In response to California Assembly Bill No. 327 requiring the state’s three investor-owned electric utilities to submit a Distribution Resource Plan by July 2015, Southern California Edison (SCE) submitted a vigorous, highly detailed 467-page DER plan that includes three California Public Utilities Commission-mandated 10-year DER growth scenarios. SCE’s plan also proposes an integration capacity analysis study of SCE’s approximately 4,200 feeder circuits to determine optimal sites for DER construction and integration.

Russ Ragsdale, strategic planning manager and electric system planning at SCE, describes the information technology/operations technology (IT/OT) convergence underway at the utility as this: Software-based algorithms used to blend supervisory control and data acquisition data within distribution management system software to monitor and control grid devices at a highly granular level.

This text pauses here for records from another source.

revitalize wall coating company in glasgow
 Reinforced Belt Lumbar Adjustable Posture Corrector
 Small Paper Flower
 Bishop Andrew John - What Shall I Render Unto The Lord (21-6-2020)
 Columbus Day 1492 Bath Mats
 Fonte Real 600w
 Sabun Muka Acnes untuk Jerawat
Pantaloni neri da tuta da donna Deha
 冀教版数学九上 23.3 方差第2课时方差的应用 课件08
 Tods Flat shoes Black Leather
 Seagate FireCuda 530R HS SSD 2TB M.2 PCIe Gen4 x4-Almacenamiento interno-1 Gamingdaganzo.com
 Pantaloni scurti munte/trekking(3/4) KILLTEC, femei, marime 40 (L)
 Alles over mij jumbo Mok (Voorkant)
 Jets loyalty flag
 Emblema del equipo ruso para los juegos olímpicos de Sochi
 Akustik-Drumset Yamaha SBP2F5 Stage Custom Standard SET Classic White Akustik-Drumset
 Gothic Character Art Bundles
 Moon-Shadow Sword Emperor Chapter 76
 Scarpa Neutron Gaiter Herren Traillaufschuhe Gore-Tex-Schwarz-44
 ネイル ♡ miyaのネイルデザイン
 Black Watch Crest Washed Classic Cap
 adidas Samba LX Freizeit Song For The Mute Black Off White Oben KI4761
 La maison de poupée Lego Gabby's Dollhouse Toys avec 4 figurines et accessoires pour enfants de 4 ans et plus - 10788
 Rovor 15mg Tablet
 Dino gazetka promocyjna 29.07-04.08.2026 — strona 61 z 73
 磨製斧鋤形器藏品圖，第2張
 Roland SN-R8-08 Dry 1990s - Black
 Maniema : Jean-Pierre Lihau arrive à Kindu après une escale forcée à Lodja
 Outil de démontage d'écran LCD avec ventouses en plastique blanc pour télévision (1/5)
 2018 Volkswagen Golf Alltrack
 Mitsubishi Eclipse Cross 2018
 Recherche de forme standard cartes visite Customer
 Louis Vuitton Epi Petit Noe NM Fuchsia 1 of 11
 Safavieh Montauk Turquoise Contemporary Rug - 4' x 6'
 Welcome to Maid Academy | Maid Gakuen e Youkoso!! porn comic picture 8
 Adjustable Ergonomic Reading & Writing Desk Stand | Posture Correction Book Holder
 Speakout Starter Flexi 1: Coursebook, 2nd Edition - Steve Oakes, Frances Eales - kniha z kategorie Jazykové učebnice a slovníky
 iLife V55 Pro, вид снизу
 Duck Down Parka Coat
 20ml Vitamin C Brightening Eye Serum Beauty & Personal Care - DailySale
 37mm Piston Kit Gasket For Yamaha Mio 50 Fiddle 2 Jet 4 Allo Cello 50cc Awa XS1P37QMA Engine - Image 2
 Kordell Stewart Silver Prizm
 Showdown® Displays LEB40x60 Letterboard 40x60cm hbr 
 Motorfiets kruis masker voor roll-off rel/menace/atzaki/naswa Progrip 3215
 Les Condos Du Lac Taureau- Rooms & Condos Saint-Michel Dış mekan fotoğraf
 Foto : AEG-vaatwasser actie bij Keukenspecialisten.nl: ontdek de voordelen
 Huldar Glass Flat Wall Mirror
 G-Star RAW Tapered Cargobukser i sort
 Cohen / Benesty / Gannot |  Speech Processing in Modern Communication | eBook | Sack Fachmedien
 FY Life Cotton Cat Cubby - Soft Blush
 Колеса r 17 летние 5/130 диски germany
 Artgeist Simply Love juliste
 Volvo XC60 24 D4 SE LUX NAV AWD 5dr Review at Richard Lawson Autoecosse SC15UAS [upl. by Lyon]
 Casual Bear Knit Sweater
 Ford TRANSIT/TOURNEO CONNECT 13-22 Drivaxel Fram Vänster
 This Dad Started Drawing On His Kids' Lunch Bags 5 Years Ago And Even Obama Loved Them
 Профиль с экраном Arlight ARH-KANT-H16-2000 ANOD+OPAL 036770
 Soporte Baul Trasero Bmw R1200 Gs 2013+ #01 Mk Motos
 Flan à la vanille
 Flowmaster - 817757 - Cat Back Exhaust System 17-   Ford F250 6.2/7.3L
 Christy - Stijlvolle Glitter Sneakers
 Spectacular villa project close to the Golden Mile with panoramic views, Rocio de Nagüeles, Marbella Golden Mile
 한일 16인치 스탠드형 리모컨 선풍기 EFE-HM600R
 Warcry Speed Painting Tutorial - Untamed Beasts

The integration capacity analysis uses a “methodology that quantifies the capability of the system to integrate DERs within thermal ratings, protection system limits, and power quality and safety standards of existing equipment,” Ragsdale said.

System planners, like Ragsdale, design scenarios that model power systems and test how intermittent distributed energy traffic causes voltage and current fluctuations. DER test scenarios recreate islanding and voltage/frequency ride-through conditions that can pose risks to utility workers and grid stability. Intelligence-bearing sensors are embedded into feeders that provide visibility and situational awareness into grid activity. Applying these and related methodologies, SCE’s integrated grid project in Orange County, California, will test innovative DER system architectures before wider
deployment across its service area.

The key to DER scenario design, modeling, testing and, ultimately, deployment is real-time data and predictive analytics. Data sharing also is key to stimulate third-party market activity.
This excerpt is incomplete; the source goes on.